Village people

Chérissant la même recette mais avec un art consommé du dosage chimique, Tunng ne semble pas prêt d'épuiser une formule folktronica qui a une fâcheuse tendance à faire mouche à tous les coups. A l'image de "Turbines", dernier né du laboratoire magique de ces sorciers britanniques. Stéphane Duchêne


Quand on dégaine, à l'image de Tunng, du haut d'une honnête hype indé sans plus, un tube comme le terrible Bullets, le risque est de se le tirer dans le pied et de traîner la patte sur tous les albums suivants. Mais Bullets, qui n'était au fond qu'une pièce de choix du magnifique gâteau Good Arrows (2007), n'a pas eu l'heur d'effleurer d'aussi près que ce soit la créativité de ce drôle de collectif de druides folktroniques. L'album suivant, …And We Saw Land, se payant même le luxe d'une autre bombinette furtive, Sashimi.


 

Il n'empêche que le leader Mike Lindsay a fini par avoir besoin d'air. Au menu : retraite en Islande, emballé dans des lainages en mouton local, le cul sur les fumerolles et les pieds dans la neige, pour un album de folk sous le nom et le titre de Cheek Mountain Thief, absolument renversant. Preuve, au cas où on ne l'aurait pas remarqué, que derrière les onguents électro et les machines à sortilèges se cache un songwriter de première catégorie – comme on dit "premier de cordée".

Filtre psychédélique 

Revigoré, forcément ressourcé, le retour au Village Tunng, du nom du single inaugural de cette dernière livraison, s'est révélé particulièrement fructueux. On se prend dans les bras, on se raconte nos péripéties et en un clin d'œil la magie renaît, aussi riche de cette intimité autarcique propre à la vie en communauté – c'est le côté Shyamalan de ce Village, fil rouge de l'album, où l'on travaille sévèrement du chapeau – que des trésors glanés en chemin – le Village est en réalité global.

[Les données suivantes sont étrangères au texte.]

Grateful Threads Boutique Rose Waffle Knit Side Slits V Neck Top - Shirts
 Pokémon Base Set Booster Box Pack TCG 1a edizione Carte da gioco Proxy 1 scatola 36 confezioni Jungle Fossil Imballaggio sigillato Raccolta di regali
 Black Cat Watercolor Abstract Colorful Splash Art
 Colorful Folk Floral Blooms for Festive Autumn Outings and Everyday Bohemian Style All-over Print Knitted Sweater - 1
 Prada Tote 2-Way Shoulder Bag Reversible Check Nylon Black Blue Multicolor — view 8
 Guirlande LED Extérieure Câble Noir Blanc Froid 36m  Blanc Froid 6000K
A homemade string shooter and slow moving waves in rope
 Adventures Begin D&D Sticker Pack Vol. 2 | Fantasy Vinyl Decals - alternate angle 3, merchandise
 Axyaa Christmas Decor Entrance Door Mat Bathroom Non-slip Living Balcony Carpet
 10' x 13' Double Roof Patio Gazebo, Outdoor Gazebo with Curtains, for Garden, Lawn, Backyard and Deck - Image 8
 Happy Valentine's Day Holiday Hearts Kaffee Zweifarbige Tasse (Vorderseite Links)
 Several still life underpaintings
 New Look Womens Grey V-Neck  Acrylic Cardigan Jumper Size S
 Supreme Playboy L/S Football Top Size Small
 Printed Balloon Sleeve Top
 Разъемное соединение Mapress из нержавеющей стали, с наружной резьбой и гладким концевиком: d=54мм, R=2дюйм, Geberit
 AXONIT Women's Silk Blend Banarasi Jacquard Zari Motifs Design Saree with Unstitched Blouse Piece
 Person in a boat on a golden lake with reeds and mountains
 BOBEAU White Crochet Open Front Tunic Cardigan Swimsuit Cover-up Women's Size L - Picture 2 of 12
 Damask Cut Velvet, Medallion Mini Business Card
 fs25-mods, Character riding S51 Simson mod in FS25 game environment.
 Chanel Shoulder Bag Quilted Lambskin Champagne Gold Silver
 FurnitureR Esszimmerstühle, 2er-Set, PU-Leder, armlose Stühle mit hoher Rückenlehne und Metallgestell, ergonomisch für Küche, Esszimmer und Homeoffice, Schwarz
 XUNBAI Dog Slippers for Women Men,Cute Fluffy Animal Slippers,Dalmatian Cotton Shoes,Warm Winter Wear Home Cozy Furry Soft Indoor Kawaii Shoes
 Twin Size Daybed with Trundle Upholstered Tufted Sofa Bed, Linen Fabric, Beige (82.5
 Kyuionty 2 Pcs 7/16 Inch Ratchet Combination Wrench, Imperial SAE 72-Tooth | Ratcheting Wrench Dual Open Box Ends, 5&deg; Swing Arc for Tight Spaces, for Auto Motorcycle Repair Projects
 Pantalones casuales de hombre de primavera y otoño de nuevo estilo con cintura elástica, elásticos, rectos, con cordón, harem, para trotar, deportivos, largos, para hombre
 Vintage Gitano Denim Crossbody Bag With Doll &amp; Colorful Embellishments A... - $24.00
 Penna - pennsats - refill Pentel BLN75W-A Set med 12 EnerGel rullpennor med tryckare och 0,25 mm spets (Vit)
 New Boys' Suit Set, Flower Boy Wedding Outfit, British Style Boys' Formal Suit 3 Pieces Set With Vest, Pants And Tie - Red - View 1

Avec Tunng, si les ingrédients sont toujours peu ou prou les mêmes, seuls varient, et cela fait toute la différence, les dosages, savants et subtils, entre classicisme folk et post-modernité : on croît reconnaître sur Follow Follow quelque chose de la formule universelle de Simon & Garfunkel, voilà qu'elle se dilue ou plutôt se précipite en philtre psychédélique 2.0. C'est le credo, emprunté à Lavoisier, de la petite (nouvelle) cuisine folktronica de Tunng depuis ses débuts : «rien ne se crée, rien ne se perd, tout se transforme». Une affaire de chimie, la cuisine, ne cessent de répéter les chefs, attifés comme des cookers de crystal meth. Mais quand on transforme les Bullets en tubes et donc le plomb en or, sans doute cela relève-t-il aussi un peu de l'alchimie.